Source records
=-=-=

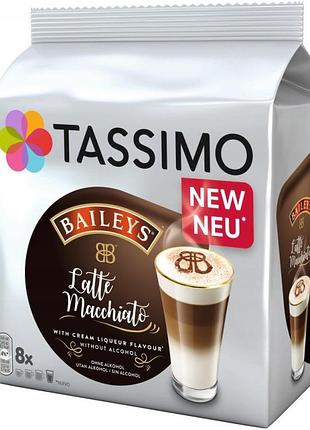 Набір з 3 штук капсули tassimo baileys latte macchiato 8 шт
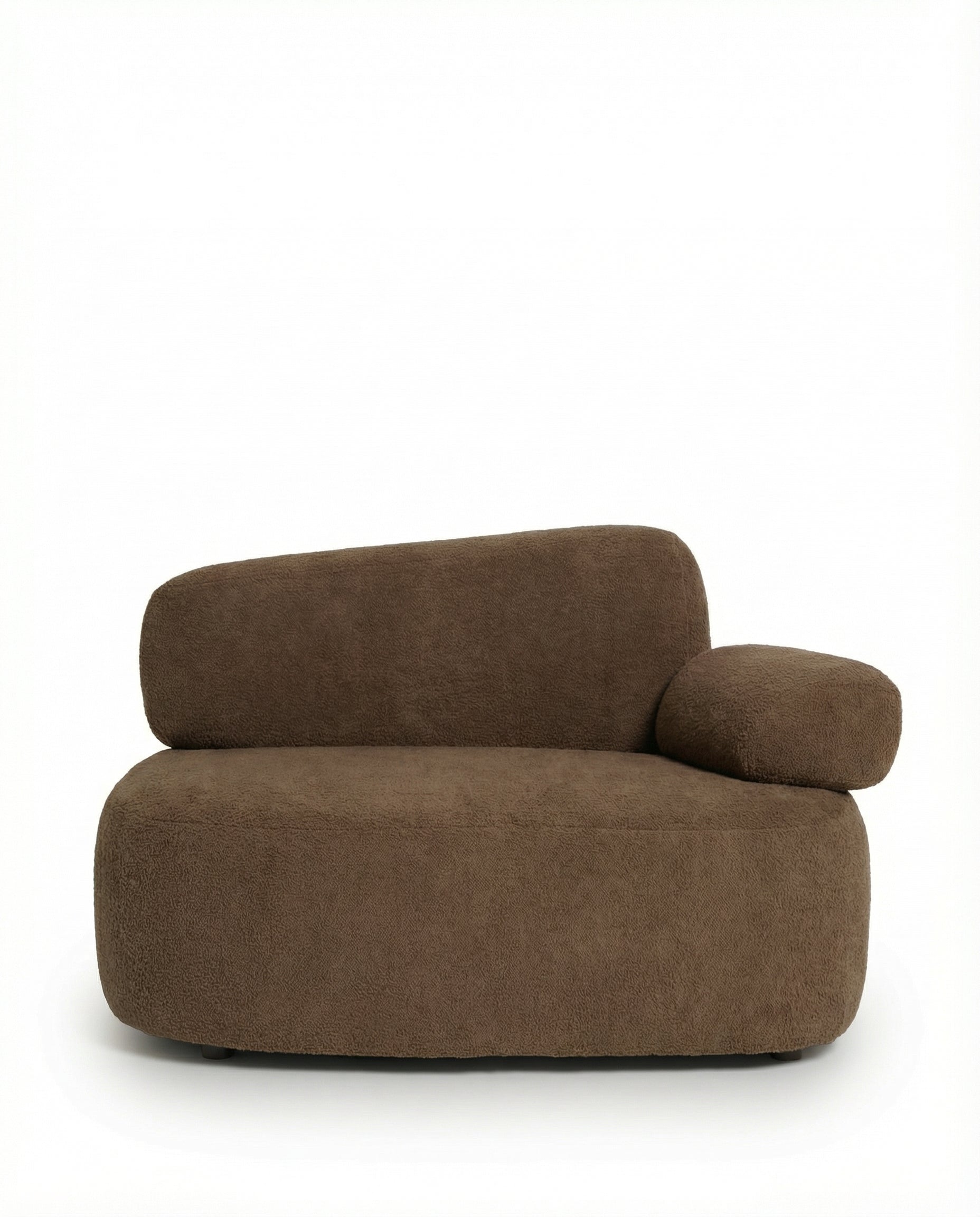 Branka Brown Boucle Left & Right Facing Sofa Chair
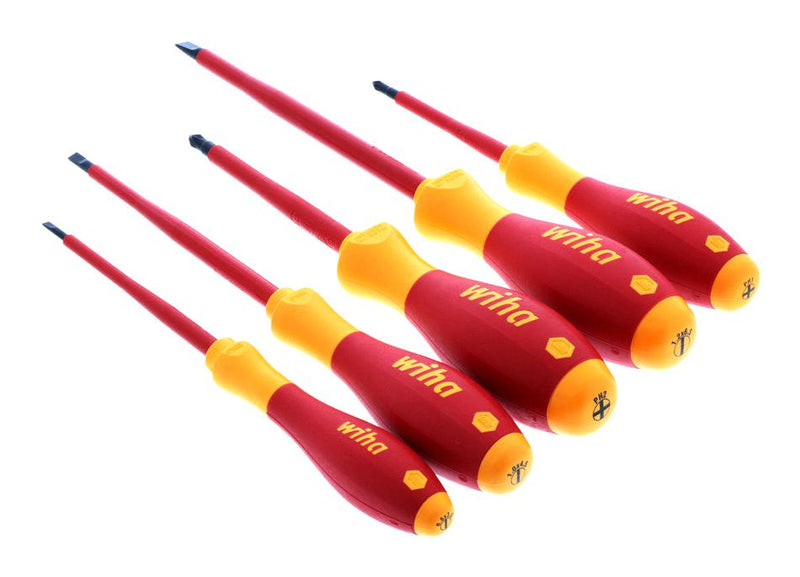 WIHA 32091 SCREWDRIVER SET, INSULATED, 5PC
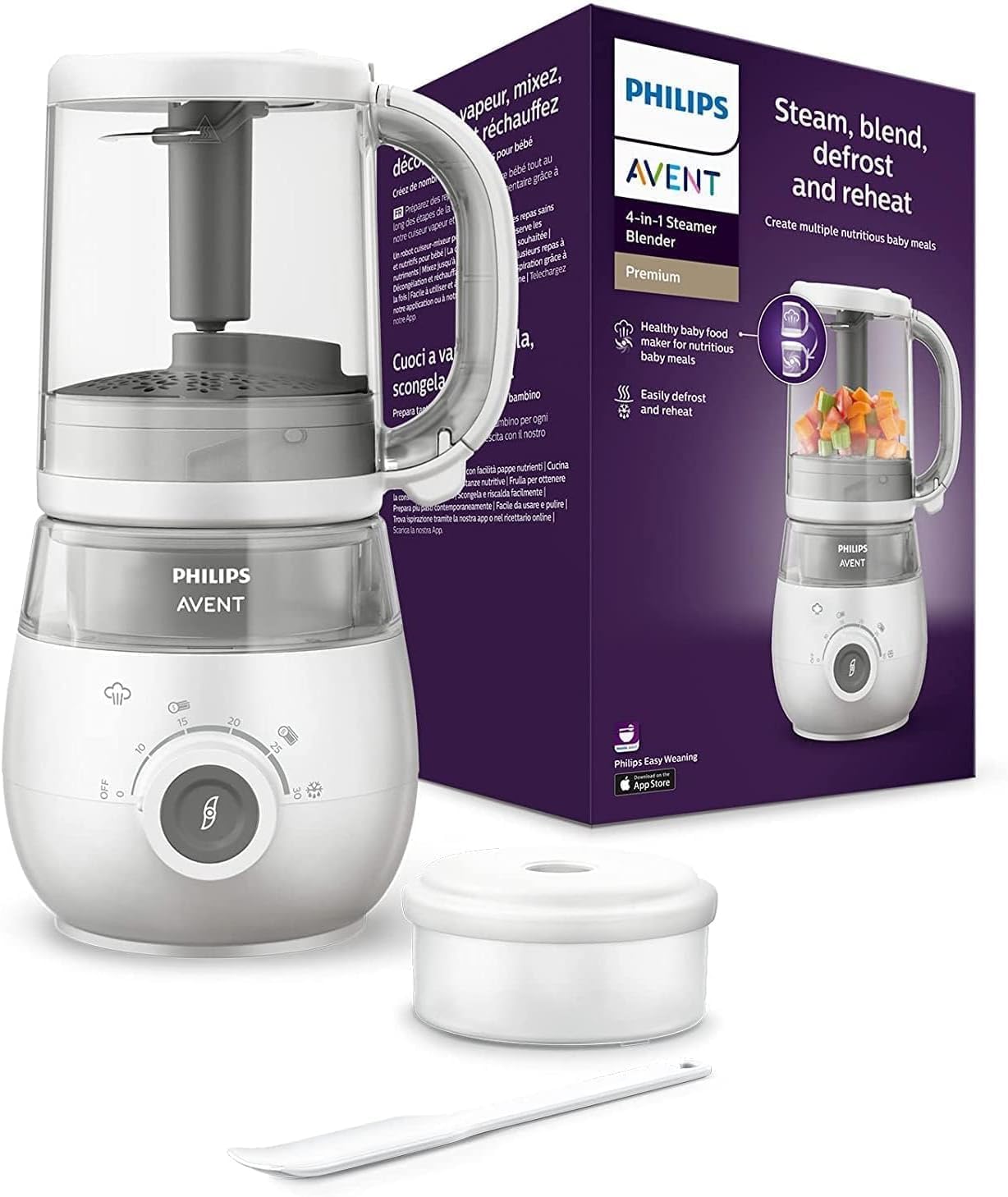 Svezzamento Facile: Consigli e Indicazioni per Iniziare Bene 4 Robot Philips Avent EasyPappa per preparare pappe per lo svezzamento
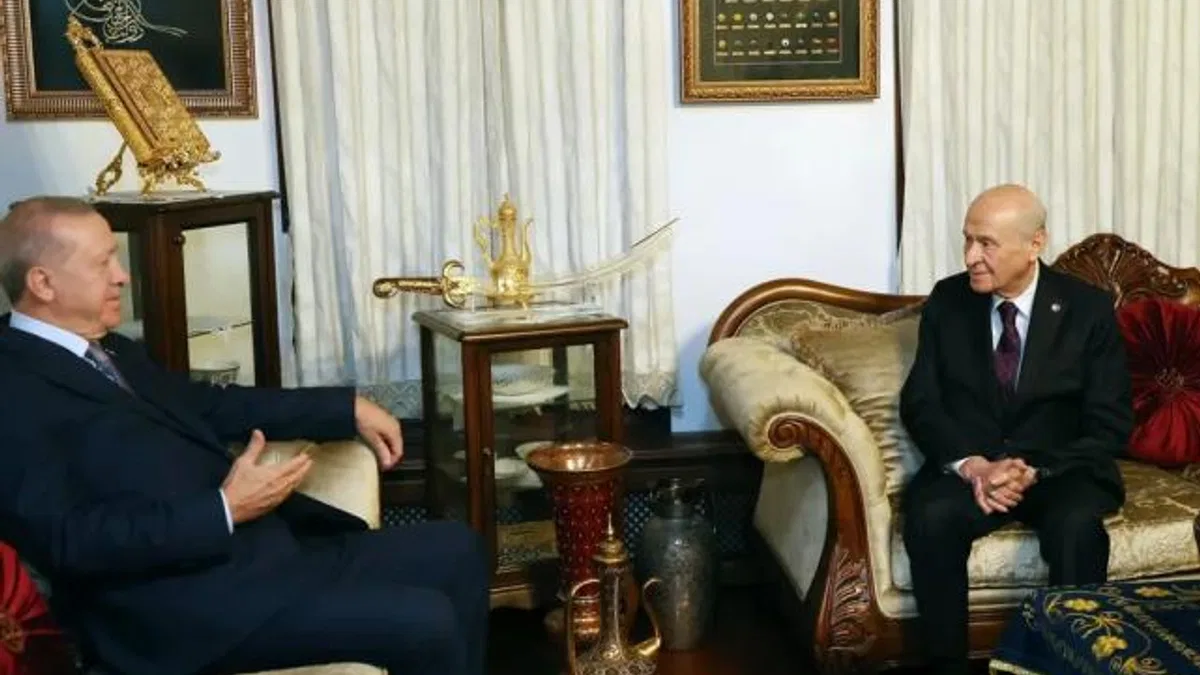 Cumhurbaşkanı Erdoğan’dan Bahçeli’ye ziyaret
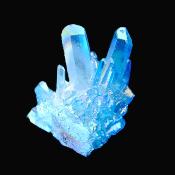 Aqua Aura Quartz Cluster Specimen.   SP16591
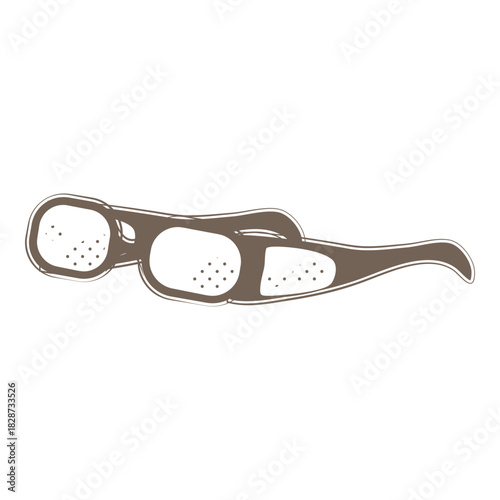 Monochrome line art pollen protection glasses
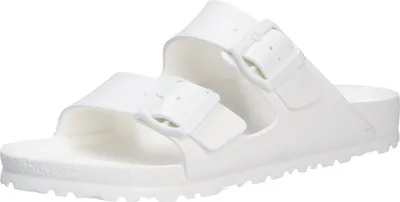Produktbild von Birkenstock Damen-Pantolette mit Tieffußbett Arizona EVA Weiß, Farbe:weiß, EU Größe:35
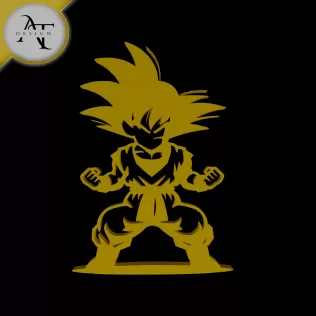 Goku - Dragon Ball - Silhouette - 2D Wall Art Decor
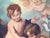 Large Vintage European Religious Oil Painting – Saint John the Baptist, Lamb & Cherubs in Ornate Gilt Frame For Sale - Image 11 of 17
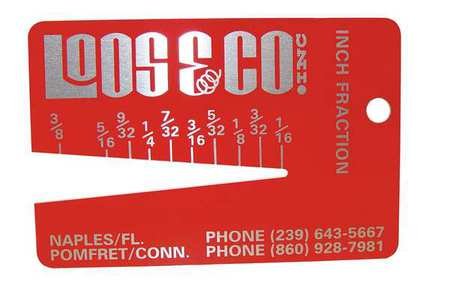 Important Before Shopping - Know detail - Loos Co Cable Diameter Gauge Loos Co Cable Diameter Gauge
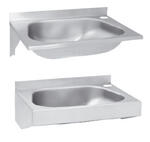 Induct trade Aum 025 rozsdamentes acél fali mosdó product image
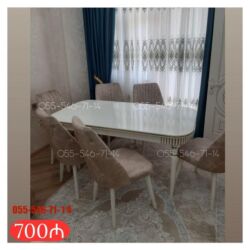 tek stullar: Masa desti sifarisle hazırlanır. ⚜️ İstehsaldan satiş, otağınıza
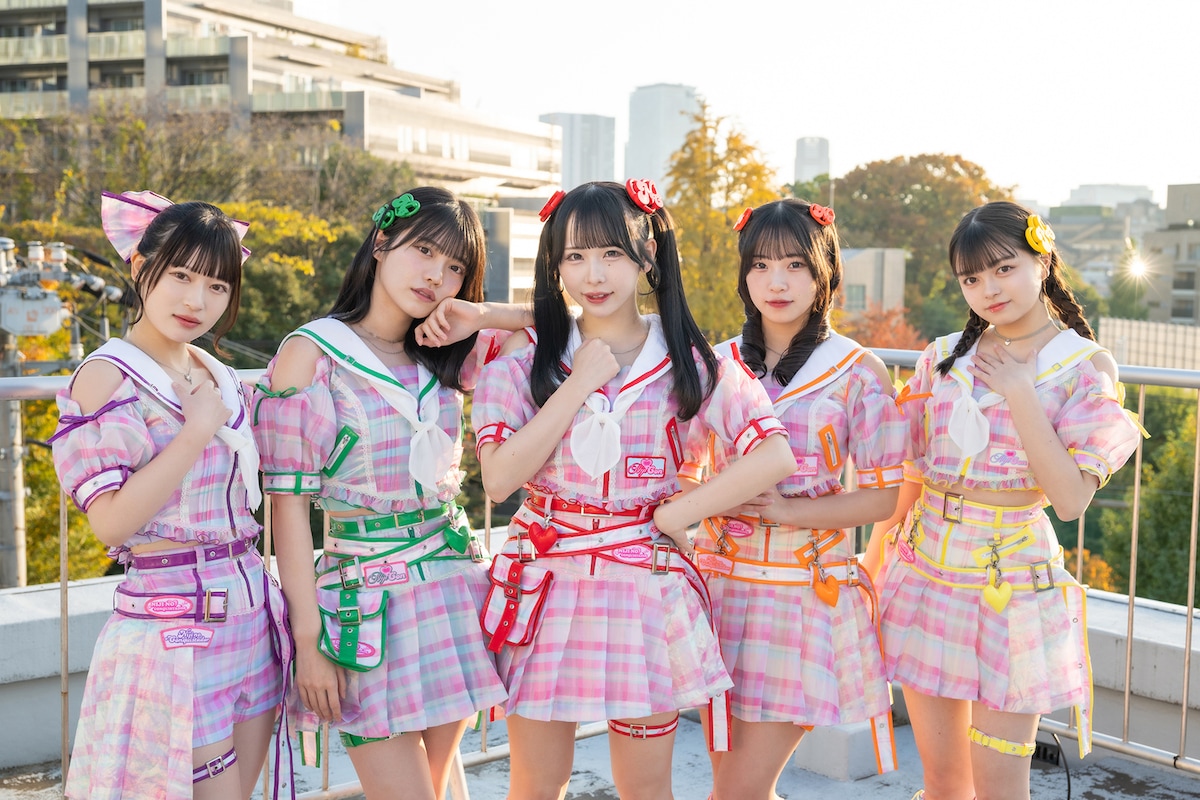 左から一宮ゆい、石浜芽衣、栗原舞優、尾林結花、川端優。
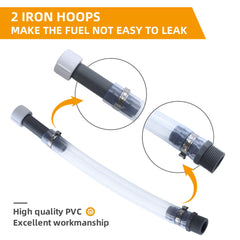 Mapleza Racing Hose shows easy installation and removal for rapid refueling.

=-=-=

Exercise requirements -> With the pictures omitted, restate word for word the lines above from the line that has "Svezzamento Facile: Consigli" up to and including the line that has "Produktbild von Birkenstock", and no other lines.

Response ->
 Svezzamento Facile: Consigli e Indicazioni per Iniziare Bene 4 Robot Philips Avent EasyPappa per preparare pappe per lo svezzamento
 Cumhurbaşkanı Erdoğan’dan Bahçeli’ye ziyaret
 Aqua Aura Quartz Cluster Specimen.   SP16591
 Monochrome line art pollen protection glasses
Produktbild von Birkenstock Damen-Pantolette mit Tieffußbett Arizona EVA Weiß, Farbe:weiß, EU Größe:35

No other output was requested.